* _Task to complete_
Before repeating the entries below, strip out every picture and keep all else as it is.

- - -

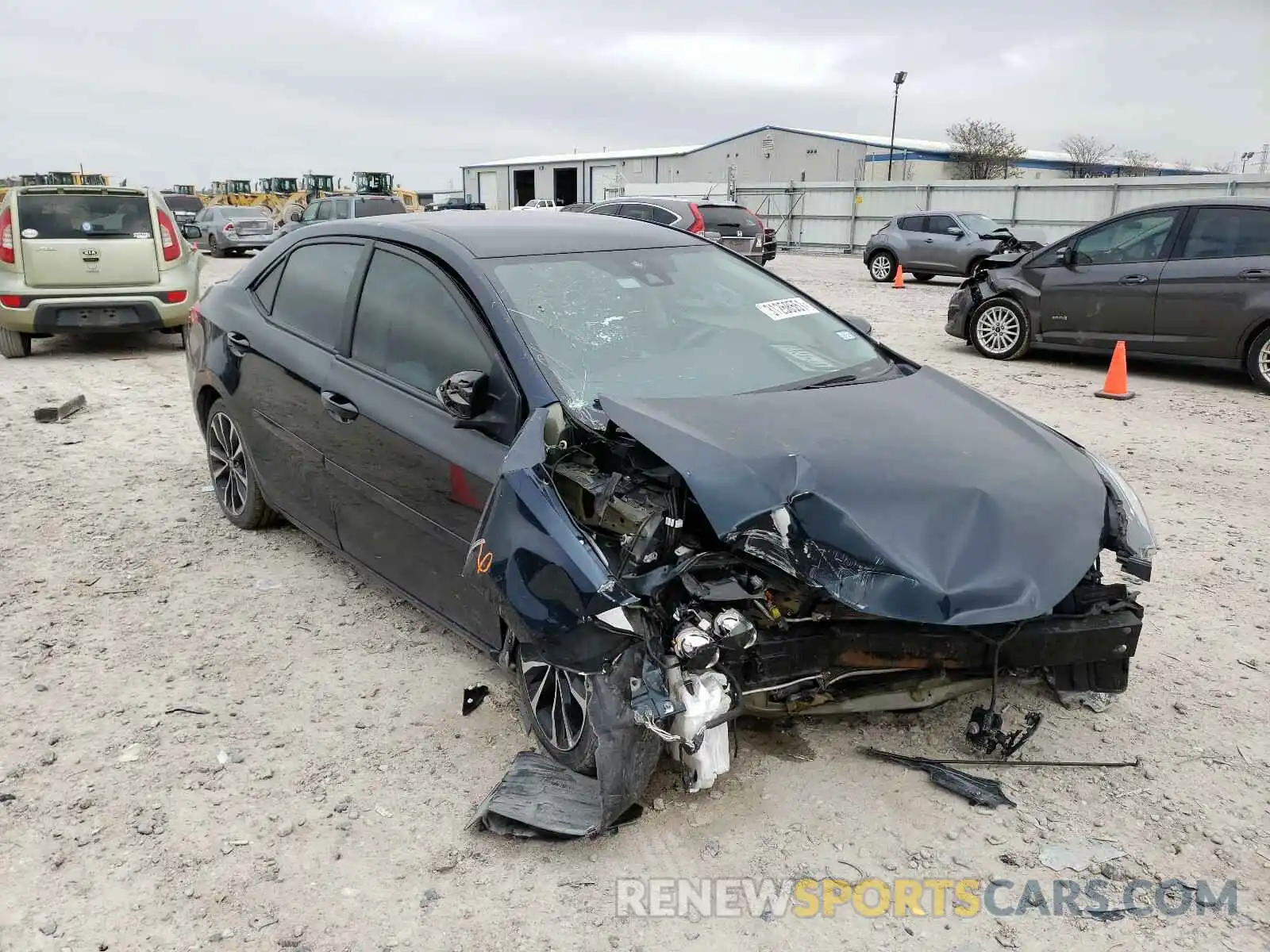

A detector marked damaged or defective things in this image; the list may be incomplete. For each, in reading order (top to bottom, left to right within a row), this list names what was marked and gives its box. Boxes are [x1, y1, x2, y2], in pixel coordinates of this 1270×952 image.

shattered windshield [486, 246, 895, 425]
crumpled hood [600, 368, 1105, 628]
broken headlight [1080, 451, 1156, 581]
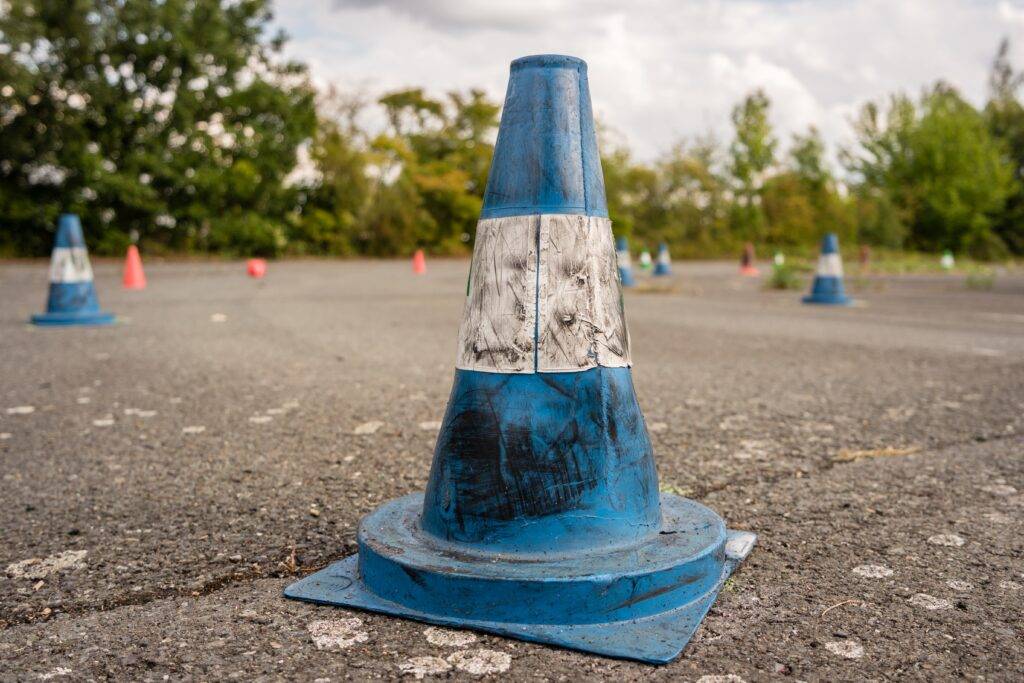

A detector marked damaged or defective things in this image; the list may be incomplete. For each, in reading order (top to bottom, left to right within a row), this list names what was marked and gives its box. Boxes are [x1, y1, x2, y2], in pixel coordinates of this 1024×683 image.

- - -

* _Task output_
A detector marked damaged or defective things in this image; the list may be incomplete. For each, in reading order (top to bottom, left to right within a row), this list names what was marked and gives its box. Boxes are [x1, y1, x2, y2], in pixel coordinates of this 1270×952 image.

shattered windshield [486, 246, 895, 425]
crumpled hood [600, 368, 1105, 628]
broken headlight [1080, 451, 1156, 581]

A detector marked damaged or defective things in this image; the list may be incomplete. For each, in reading order (top to bottom, left to right within a row), this list names what was marked and gives its box. Boxes are [x1, y1, x2, y2], in pixel coordinates of this 1024×683 image.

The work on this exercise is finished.